■ **TASK STATEMENT**: Please transcribe exactly, and only, the lines of the data below between the line holding "NK14960 RESIN/C C P BEAD NECKLACE" and the line holding "Cows, Red, Green, Yellow by Franz Marc", inclusive.
RECORD SET: Begin
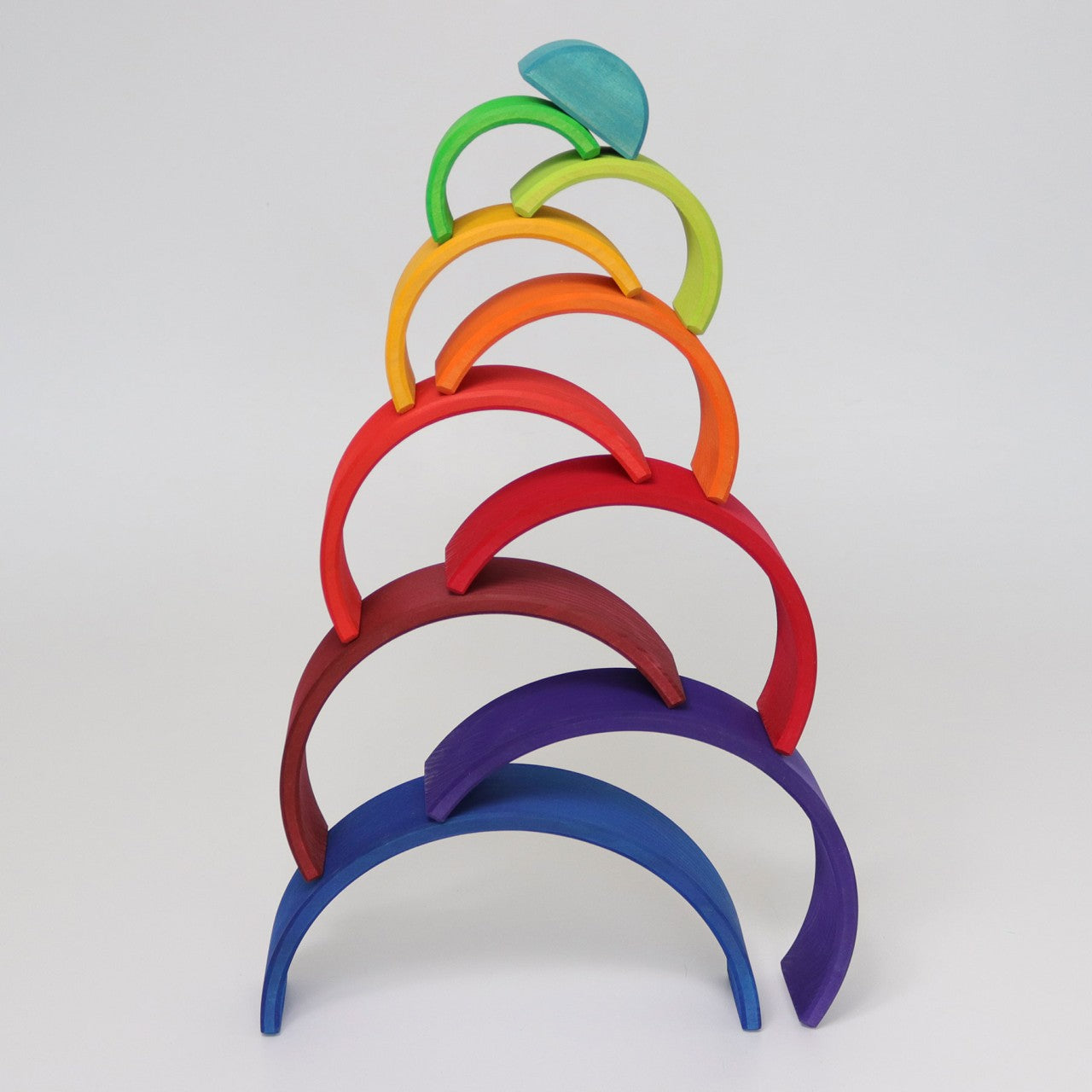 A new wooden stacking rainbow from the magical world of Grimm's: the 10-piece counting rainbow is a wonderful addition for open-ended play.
RECORD SET: End
RECORD SET: Begin
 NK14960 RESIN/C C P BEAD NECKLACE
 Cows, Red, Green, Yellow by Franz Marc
RECORD SET: End
■ **ANSWER TO THE EXERCISE**:
 NK14960 RESIN/C C P BEAD NECKLACE
 Cows, Red, Green, Yellow by Franz Marc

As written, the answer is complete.